_Task brief_
No pictures go in the copy; everything else in the records below must be output exactly.

_Data for the task_
○ ○ ○ ○ ○

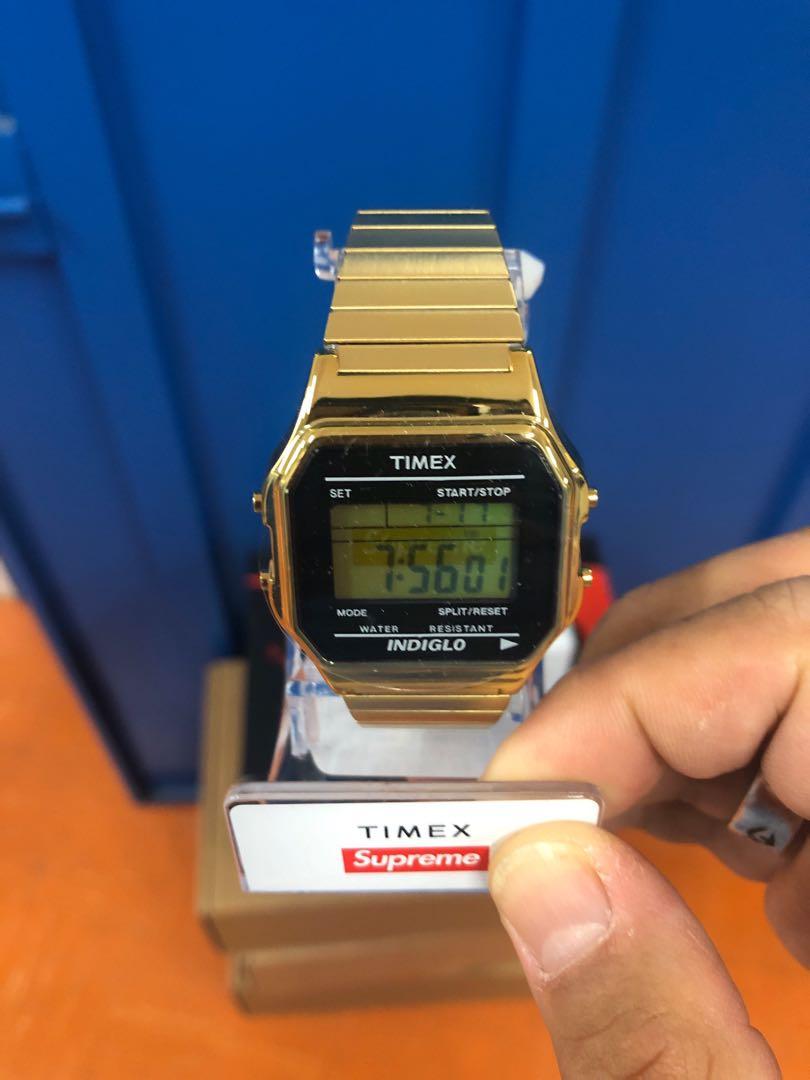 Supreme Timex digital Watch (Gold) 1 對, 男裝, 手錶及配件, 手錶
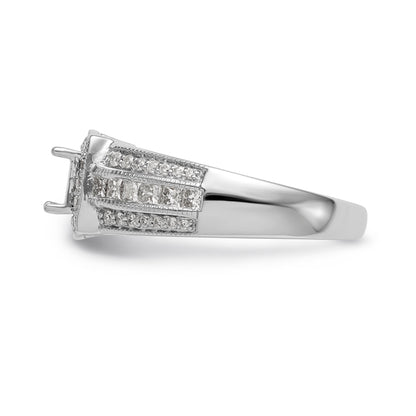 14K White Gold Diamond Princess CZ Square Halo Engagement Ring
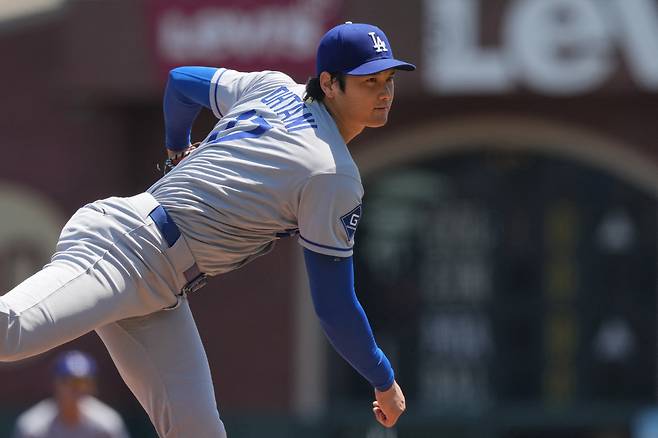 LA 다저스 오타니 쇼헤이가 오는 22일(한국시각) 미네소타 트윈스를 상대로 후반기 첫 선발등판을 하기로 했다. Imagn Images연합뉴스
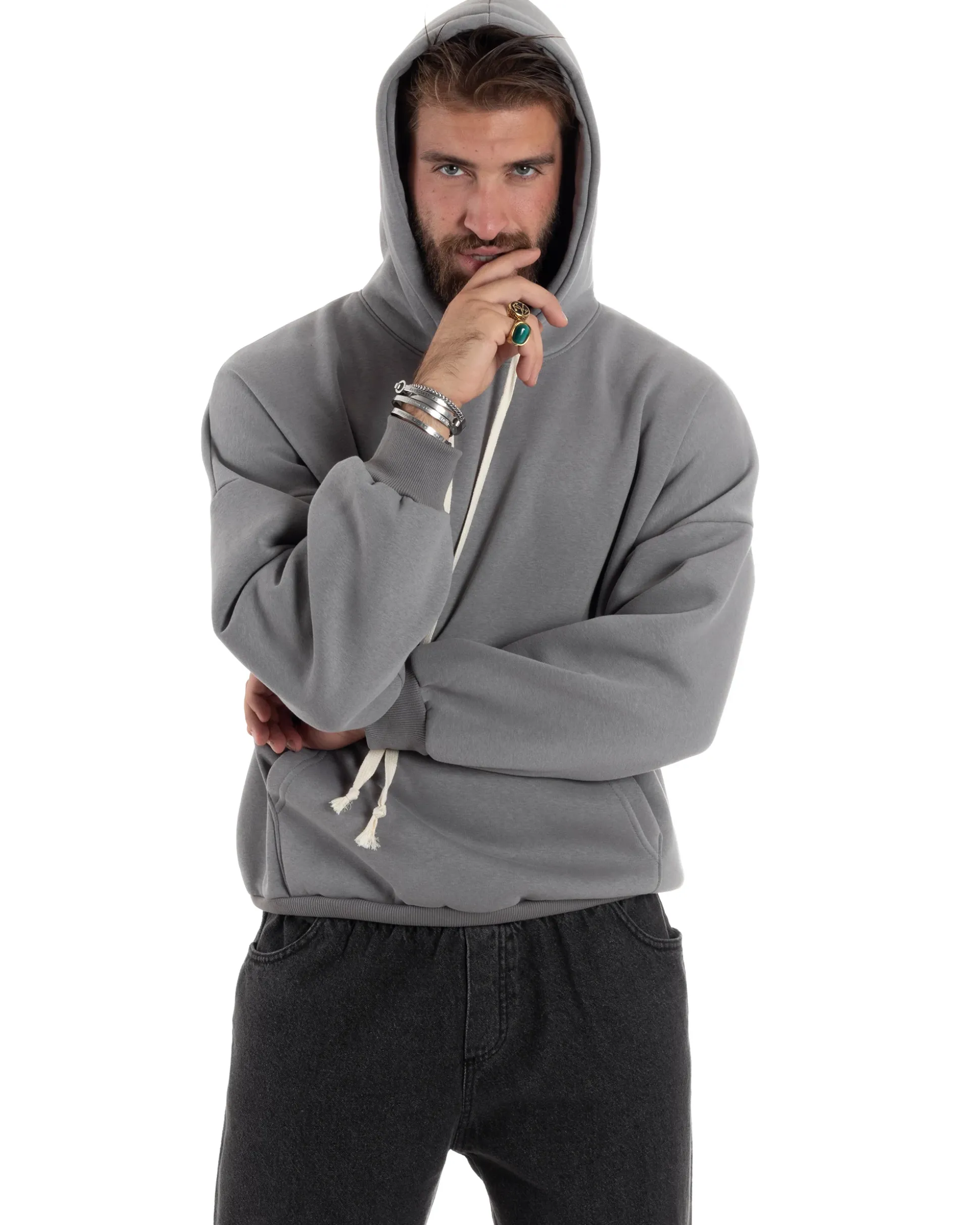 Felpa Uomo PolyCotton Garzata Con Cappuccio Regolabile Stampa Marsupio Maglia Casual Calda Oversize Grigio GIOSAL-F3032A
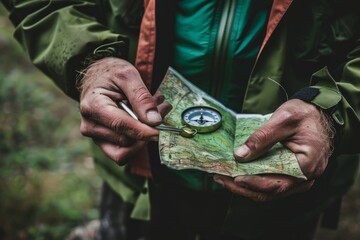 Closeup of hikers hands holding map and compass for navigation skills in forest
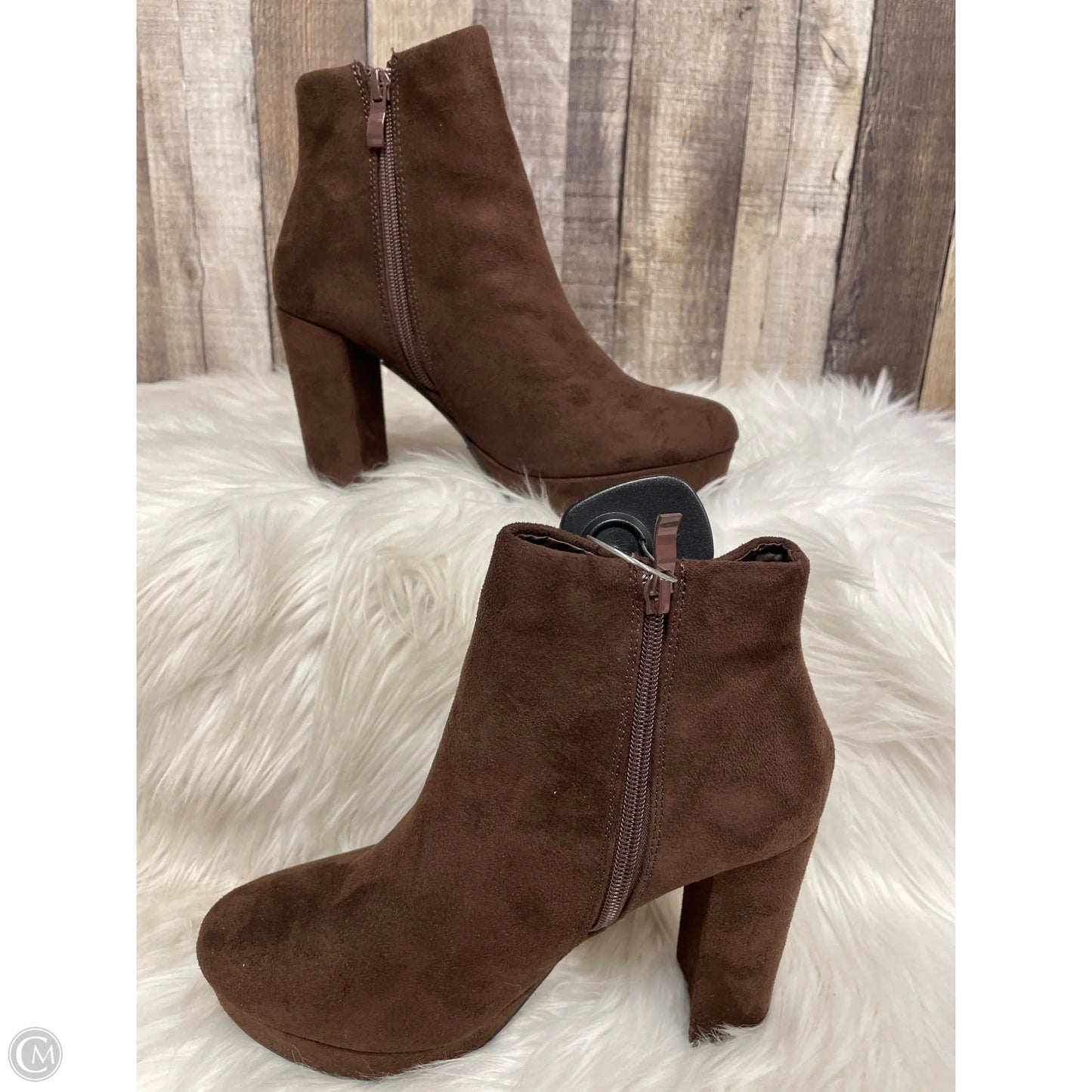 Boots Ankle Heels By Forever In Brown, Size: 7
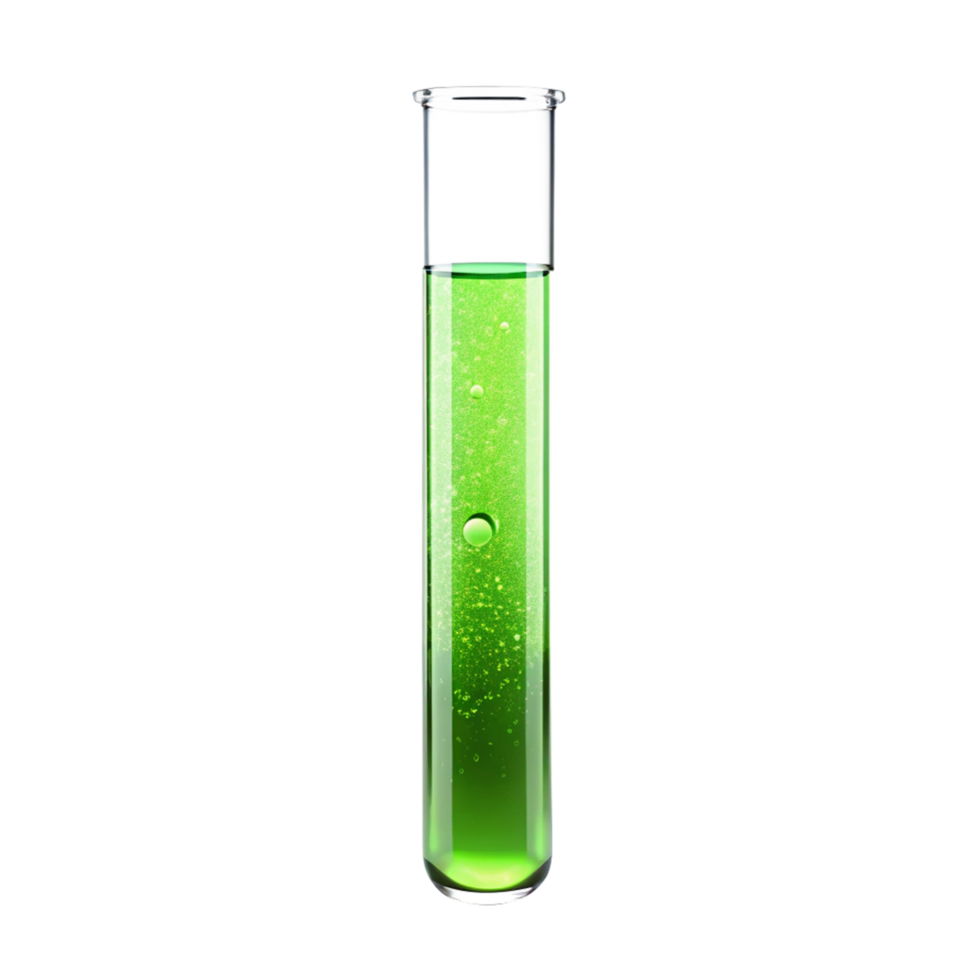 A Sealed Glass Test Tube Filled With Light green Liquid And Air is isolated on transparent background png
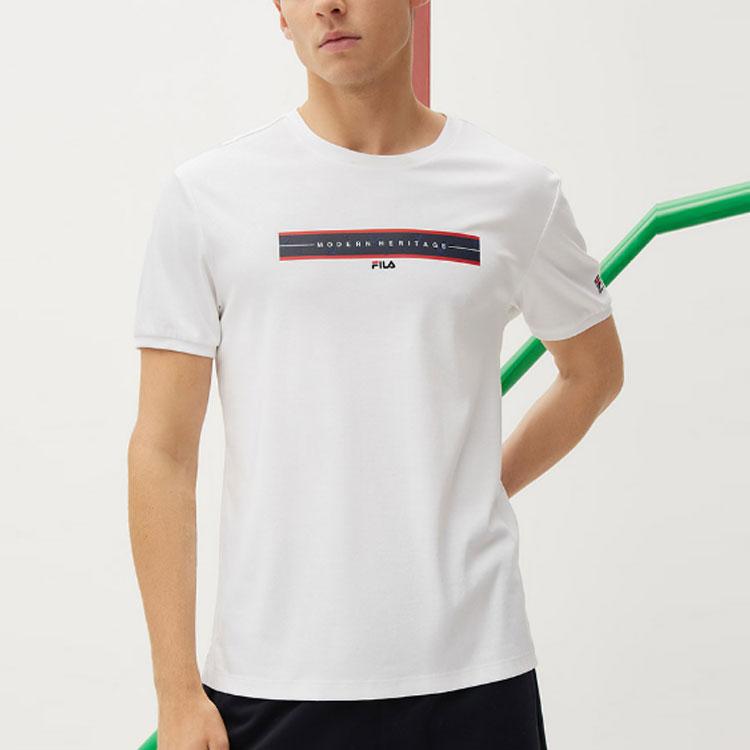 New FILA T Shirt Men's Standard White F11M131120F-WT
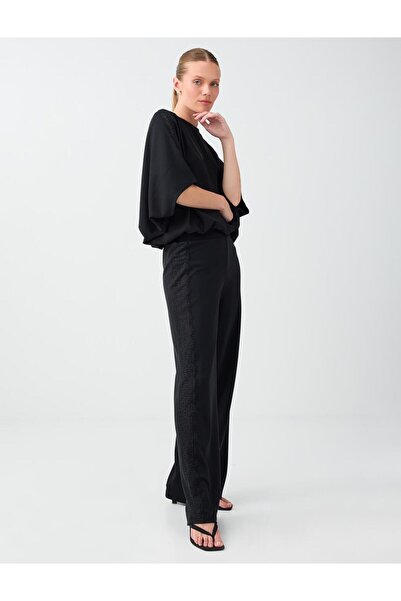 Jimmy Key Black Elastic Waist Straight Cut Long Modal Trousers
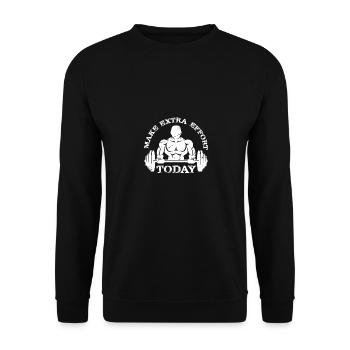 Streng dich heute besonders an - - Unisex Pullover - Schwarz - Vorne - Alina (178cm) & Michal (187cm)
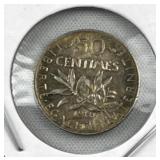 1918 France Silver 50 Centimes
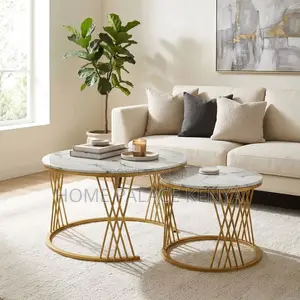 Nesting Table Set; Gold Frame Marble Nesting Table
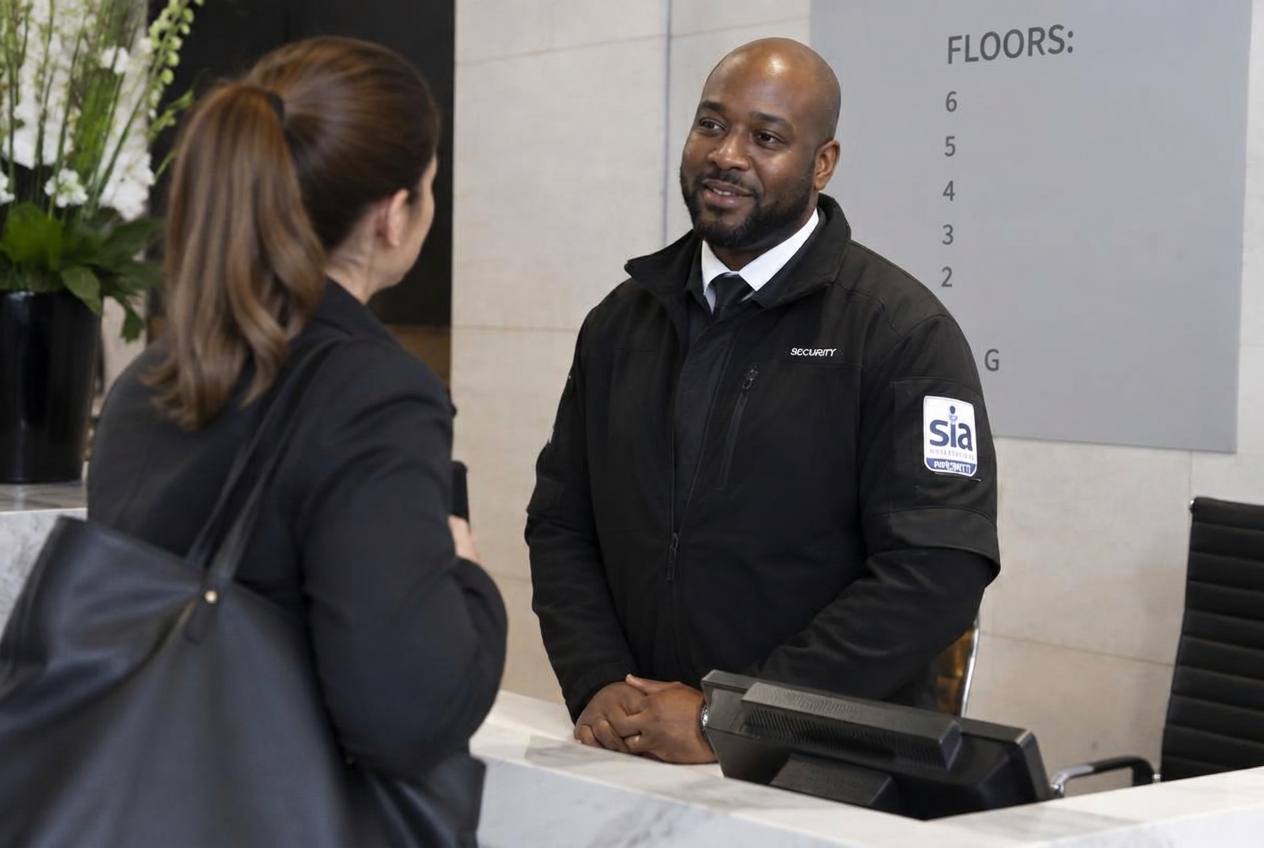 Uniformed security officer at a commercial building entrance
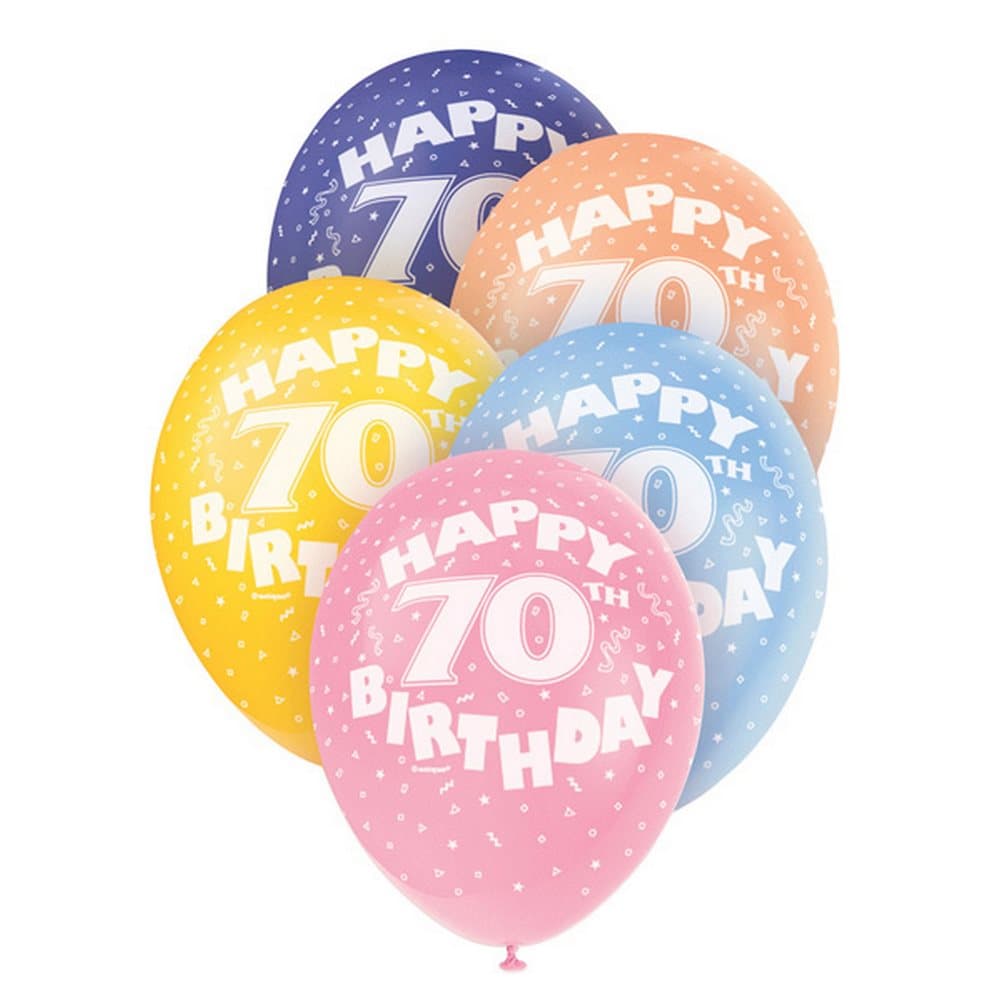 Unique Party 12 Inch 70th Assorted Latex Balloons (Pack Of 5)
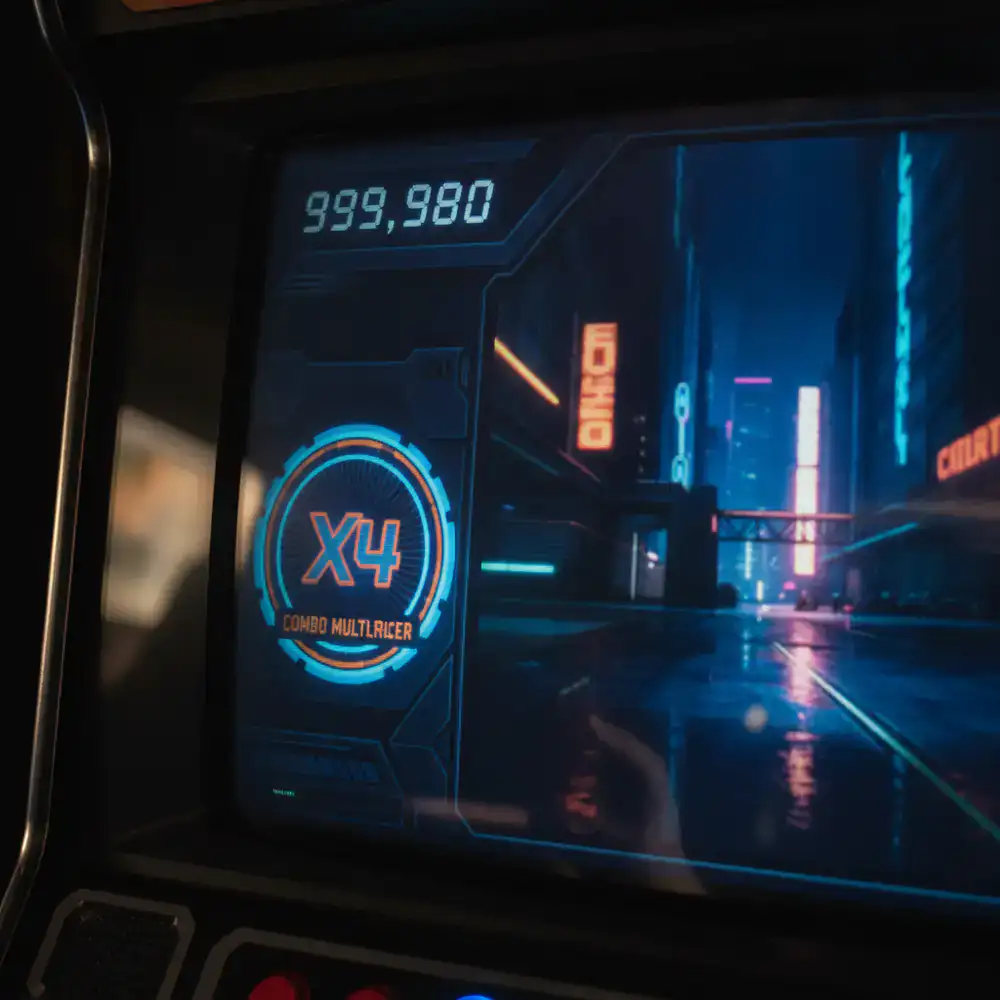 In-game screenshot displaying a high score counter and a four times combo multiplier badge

○ ○ ○ ○ ○

_Output of the task_
 Supreme Timex digital Watch (Gold) 1 對, 男裝, 手錶及配件, 手錶
 14K White Gold Diamond Princess CZ Square Halo Engagement Ring
 LA 다저스 오타니 쇼헤이가 오는 22일(한국시각) 미네소타 트윈스를 상대로 후반기 첫 선발등판을 하기로 했다. Imagn Images연합뉴스
 Felpa Uomo PolyCotton Garzata Con Cappuccio Regolabile Stampa Marsupio Maglia Casual Calda Oversize Grigio GIOSAL-F3032A
 Closeup of hikers hands holding map and compass for navigation skills in forest
 Boots Ankle Heels By Forever In Brown, Size: 7
 A Sealed Glass Test Tube Filled With Light green Liquid And Air is isolated on transparent background png
 New FILA T Shirt Men's Standard White F11M131120F-WT
 Jimmy Key Black Elastic Waist Straight Cut Long Modal Trousers
 Streng dich heute besonders an - - Unisex Pullover - Schwarz - Vorne - Alina (178cm) & Michal (187cm)
 1918 France Silver 50 Centimes
 Nesting Table Set; Gold Frame Marble Nesting Table
 Uniformed security officer at a commercial building entrance
 Unique Party 12 Inch 70th Assorted Latex Balloons (Pack Of 5)
 In-game screenshot displaying a high score counter and a four times combo multiplier badge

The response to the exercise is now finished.